Tuesday, January 28, 2003

Adam Vinatieri, kicker for the Patriots, signed a helmet belonging to Glenn Casil at Honolulu Airport yesterday.

Pro Bowl players arrive,
open practice today

Those not fortunate enough
to play in the Super Bowl are here

By Nick Abramo

Adam Vinatieri's next stop in the NFL fast lane is Aloha Stadium for Sunday's Pro Bowl.

The New England Patriots place-kicker arrived in Honolulu yesterday and begins practice with the AFC squad today.

Things didn't fall into place for Vinatieri this season the same way as a year ago, when he kicked the Super Bowl's game-winning field goal as time ran out.

"It was disappointing to have failed to make the playoffs," Vinatieri said while signing autographs for a few hundred fans at Honolulu Airport. "We had players who did well individually, but if you don't do well collectively, then it's not quite the same.

"It turned out to be kind of a lost season, but if we focus on attaining our goals and get rid of some of our injuries, we should be able to come back strong."

Vinatieri was relegated to playing the role of viewer for this year's Super Bowl.

"I enjoyed playing in it a lot more than watching it," he said. "It was a whole different situation, different atmosphere.

"I was hoping Tampa Bay would win because they had never been there before and it was nice to see them get it."

New York Jets center Kevin Mawae also flew in yesterday for his fourth straight Pro Bowl appearance.

Mawae is the son of David Mawae, a native Hawaiian who was born in Kalihi and then lived in Anahola on Kauai. Kevin grew up in Louisiana, but he still has family in many places here.

"We started off our season really slow," Mawae said. "Everybody counted us out, but we didn't count ourselves out. We had faith in the belief we could come back. The big things were Chad Pennington, who is an excellent young quarterback, and Curtis Martin, who started getting healthy again.

"We went into the playoffs pretty confident against Oakland, but we didn't play as well as we thought going into the game. Still, winning our division was a great accomplishment."

Mawae usually visits relatives when he comes to the Pro Bowl, but this year he and his wife plan to "lay low" and relax.

He said he was fortunate to have assimilated to Hawaiian culture as a kid.

"I danced hula and was taught the special meaning of ohana and to have strong family values," he said.

Philadelphia's 6-foot-7 tackle Jon Runyan wasn't hard to spot, towering over the long line of autograph hounds.

"I'm happy about the way our season went, especially when we kept on winning even after what happened to Donovan (McNabb, the quarterback who missed six weeks with an ankle injury)," Runyan said. "I have a pretty good feeling about what we accomplished."

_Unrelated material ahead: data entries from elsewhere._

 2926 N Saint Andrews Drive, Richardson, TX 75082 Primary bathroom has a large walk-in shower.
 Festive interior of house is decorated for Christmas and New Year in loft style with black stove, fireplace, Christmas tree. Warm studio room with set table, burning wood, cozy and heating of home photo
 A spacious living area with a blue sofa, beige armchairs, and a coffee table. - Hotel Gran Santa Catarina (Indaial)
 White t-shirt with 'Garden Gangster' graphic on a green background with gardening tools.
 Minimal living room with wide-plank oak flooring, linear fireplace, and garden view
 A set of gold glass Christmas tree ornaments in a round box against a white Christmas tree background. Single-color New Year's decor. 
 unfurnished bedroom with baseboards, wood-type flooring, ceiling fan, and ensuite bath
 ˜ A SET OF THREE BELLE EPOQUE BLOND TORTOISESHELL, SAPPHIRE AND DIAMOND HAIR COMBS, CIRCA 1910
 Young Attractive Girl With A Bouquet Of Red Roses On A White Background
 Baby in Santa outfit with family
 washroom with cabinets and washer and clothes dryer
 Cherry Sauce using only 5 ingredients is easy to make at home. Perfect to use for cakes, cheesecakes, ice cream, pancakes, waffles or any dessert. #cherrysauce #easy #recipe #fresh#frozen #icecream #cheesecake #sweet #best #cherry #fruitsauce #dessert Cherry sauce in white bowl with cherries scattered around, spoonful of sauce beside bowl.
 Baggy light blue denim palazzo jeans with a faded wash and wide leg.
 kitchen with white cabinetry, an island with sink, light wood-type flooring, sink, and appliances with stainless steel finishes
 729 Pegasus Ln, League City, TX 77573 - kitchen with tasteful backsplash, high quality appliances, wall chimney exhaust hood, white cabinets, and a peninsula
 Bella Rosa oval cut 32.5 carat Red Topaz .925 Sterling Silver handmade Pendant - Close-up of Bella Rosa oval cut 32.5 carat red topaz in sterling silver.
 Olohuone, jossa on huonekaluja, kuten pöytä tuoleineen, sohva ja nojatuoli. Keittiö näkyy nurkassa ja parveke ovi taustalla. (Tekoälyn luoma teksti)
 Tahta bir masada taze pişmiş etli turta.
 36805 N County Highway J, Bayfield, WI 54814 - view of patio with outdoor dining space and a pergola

The Eagles were good enough to make it to the NFC Championship game for the second year in a row, but lost their bid to make the Super Bowl to eventual champion Tampa Bay.

"I watched it (the Super Bowl) on TV," Runyan said. "The most surprising thing was how Tampa Bay's defense scored so many times."

Runyan, a seven-year veteran, is playing in his first Pro Bowl.

"It's a nice reward for playing so hard for so many years," he said.

Pittsburgh defensive tackle Casey Hampton is here though he won't play in the Pro Bowl.

"It was really nice to see the water coming in on the plane," Hampton said. "I'm from Galveston (Texas) and I go to the beach all the time, but it's not as nice as here.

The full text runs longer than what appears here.